Fibrin is a temporary matrix, which is formed after wounding a blood vessel and when plasma leaks from blood vessels forming a fibrous exudate, often seen in areas of inflammation and in tumors (Dvorak et al., 1992). The fibrin matrix not only acts as a barrier preventing further blood loss, but also provides a structure in which new microvessels can infiltrate during wound healing. Proper timing of the outgrowth of microvessels as well as the subsequent (partial) disappearance of these vessels is essential to ensure adequate wound healing and to prevent the formation of scar tissue. It is generally believed that plasminogen activators play an important role in the migration and invasion of leukocytes and endothelial cells, and in the dissolution of the fibrin matrix (Kwaan, 1966; Pepper et al., 1990; Koolwijk et al., 1996). Plasminogen activators are serine proteases, which enzymatically convert the zymogen plasminogen into the active protease plasmin, the prime protease that degrades fibrin. The production of plasminogen activators by endothelial cells not only contributes to the proteolytic events related to the formation of microvessels in a wound, but also plays a crucial role in the prevention of thrombosis. If fibrin becomes deposited within the lumen of a blood vessel, cessation of the blood flow may occur accompanied by ischemia and eventually death of the distal tissues. The endothelium contributes considerably to the maintenance of blood fluidity by exposing anticoagulant molecules, by providing factors that interfere with platelet aggregation, and by its ability to stimulate fibrinolysis. Lysis of intravascularly generated fibrin must occur rapidly. However, it should be limited to a local area, because a general elevation of fibrinolysis upon wounding would result in recurrent bleeding.

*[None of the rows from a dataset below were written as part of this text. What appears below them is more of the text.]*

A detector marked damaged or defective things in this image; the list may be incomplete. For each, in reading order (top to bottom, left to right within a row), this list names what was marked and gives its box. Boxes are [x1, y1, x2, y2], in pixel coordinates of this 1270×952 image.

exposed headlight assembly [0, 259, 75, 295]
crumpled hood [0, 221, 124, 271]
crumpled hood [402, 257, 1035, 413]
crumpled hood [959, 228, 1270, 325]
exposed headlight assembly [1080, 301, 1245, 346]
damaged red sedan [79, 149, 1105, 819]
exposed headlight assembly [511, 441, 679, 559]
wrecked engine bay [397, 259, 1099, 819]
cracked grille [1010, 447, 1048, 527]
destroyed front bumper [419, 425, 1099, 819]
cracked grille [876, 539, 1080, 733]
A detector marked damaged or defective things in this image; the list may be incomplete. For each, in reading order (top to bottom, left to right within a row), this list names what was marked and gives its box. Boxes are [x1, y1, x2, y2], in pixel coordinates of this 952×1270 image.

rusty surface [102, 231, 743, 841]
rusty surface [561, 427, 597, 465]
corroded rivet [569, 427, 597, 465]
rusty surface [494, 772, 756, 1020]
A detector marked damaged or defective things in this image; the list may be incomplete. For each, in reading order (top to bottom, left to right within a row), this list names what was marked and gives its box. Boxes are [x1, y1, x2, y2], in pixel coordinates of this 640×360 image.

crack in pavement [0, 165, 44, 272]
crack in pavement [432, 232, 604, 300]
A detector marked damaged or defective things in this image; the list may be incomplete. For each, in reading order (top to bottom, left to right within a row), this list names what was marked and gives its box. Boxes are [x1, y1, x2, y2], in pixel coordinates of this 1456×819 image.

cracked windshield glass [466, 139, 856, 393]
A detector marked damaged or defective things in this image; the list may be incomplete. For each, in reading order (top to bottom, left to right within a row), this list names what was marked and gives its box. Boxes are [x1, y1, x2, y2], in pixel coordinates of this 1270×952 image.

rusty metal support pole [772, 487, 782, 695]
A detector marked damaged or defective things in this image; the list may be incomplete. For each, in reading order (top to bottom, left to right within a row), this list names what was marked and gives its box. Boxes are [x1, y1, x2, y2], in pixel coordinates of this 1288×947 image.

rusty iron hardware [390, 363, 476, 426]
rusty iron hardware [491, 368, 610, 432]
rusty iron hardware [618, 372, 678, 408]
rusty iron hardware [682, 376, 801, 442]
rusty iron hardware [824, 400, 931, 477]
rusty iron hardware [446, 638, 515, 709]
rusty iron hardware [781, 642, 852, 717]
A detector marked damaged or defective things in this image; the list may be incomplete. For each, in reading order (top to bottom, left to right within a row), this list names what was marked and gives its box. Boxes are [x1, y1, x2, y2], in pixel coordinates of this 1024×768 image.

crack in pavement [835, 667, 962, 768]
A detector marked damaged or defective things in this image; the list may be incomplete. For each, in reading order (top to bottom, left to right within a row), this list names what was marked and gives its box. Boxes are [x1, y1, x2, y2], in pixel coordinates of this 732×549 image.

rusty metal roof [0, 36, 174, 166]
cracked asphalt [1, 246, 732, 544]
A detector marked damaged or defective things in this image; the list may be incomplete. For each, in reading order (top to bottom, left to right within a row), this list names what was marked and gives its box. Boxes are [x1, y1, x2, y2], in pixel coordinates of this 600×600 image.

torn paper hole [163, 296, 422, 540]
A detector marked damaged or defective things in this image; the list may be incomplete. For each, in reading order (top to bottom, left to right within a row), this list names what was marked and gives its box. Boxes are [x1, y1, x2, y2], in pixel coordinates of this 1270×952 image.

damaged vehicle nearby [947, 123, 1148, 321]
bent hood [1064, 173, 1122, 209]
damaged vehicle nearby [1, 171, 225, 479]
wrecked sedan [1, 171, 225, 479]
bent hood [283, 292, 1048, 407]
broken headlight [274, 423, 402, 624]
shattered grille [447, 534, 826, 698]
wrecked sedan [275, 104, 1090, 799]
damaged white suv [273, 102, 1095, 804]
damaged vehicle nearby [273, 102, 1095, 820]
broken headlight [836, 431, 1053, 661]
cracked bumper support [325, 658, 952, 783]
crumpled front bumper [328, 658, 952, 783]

Proteases and Angiogenesis. Regulation of Plasminogen Activators and Matrix Metalloproteases by Endothelial Cells

Angiogenesis, the outgrowth of new blood vessels from existing ones, is an essential process during development, but this normally stops when the body becomes adult. In the absence of injury, overt angiogenesis in adults is limited to the reproductive system of females (formation of corpus luteum and placenta). However, the formation of new blood vessels is an essential factor in tissue repair (formation and regression of granulation tissue), which is necessary to restore healthy tissue after wounding and/or inflammation, and is associated with many pathological conditions, such as tumor development and rheumatoid arthritis (Folkman and Klagsbrun, 1987; Liotta et al., 1991; Folkman and Shing, 1992; Montesano, 1992; Colville-Nash and Scott 1992). Fibrin (Dvorak et al., 1992), inflammatory cells (Polverini, 1989) and angiogenic factors (Broadley et al 1989; Klagsburn and D’Amore, 1991; Shweiki et al., 1992; Plate et al., 1992; Sengeret al., 1993; Koch et al., 1994) are commonly observed in angiogenesis associated with disease in man. A series of sequential events can be distinguished during the formation of new microvessels: (i) degradation of the vascular basement membrane and the fibrin or interstitial matrix by endothelial cells; (ii) endothelial cell migration; (iii) endothelial proliferation; and (iv) the formation of new capillary tubes and a new basement membrane (Folkman, 1986).